Objective: 5-Hydroxytryptamine1D (5-HT1D) receptors are believed to play a major role in the vasoconstriction of vascular smooth muscle in human coronary arteries. However, unequivocal evidence as to which subtype of this receptor (5-HT1D alpha or 5-HT1D beta) is involved in these vasoconstrictory effects is lacking. The aim of this study was to identify in the dog the 5-HT1D receptor subtype encoding mRNAs expressed in several large coronary arteries and in the saphenous vein.
Methods: Degenerate oligonucleotide primers that selectively recognized only mammalian 5-HT1D alpha and 5-HT1D beta receptor sequences were used in RT-PCR experiments to study 5-HT1D receptor subtype expression in endothelium-denuded saphenous vein and large coronary arteries from beagle and alsatian dogs. Resulting PCR products were analysed and identified by Southern blots and sequencing.

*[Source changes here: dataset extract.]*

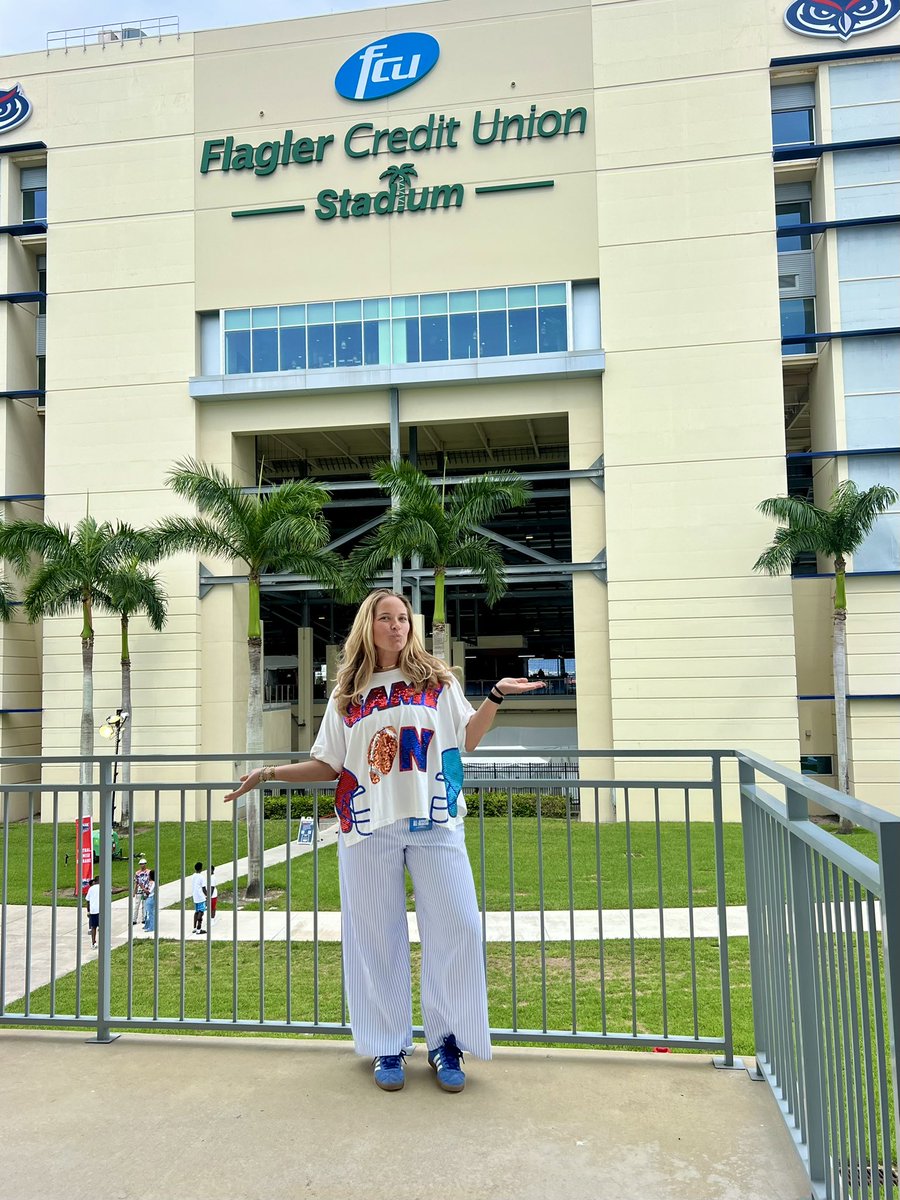 fepadgett's tweet photo. INCREDIBLE WEEKEND!! First game in the Flag, successful OV weekend, big recruiting event, Sexxy Red concert on campus and a WIN!!π΄π¦β€οΈ #WIP #ATFA #LitWithKitt #DefendtheFlag https://t.co/QERR95Asg9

Results: An identical PCR product whose sequence closely resembles that of the human 5-HT1D beta receptor (98% amino acid identity) was obtained from reverse-transcribed RNA isolated from either saphenous vein or coronary arteries, irrespective of dog race. Absence of 5-HT1D alpha expression was confirmed by Southern blot analysis. Control experiments using canine genomic DNA as template illustrated, nonetheless, that the primers chosen could amplify both 5-HT1D alpha and 5-HT1D beta sequences.
Conclusion: Using RT-PCR, we isolated from dog vascular smooth muscle a cDNA fragment whose nucleotide sequence would encode a previously-unreported canine homologue of the 5-HT1D beta receptor. We illustrated that this subtype is the only 5-HT1D receptor subtype expressed in dog saphenous vein and large coronary arteries. The implications of these findings are discussed in light of results from functional studies of 5-HT1-like receptor-mediated effects in these canine blood vessels.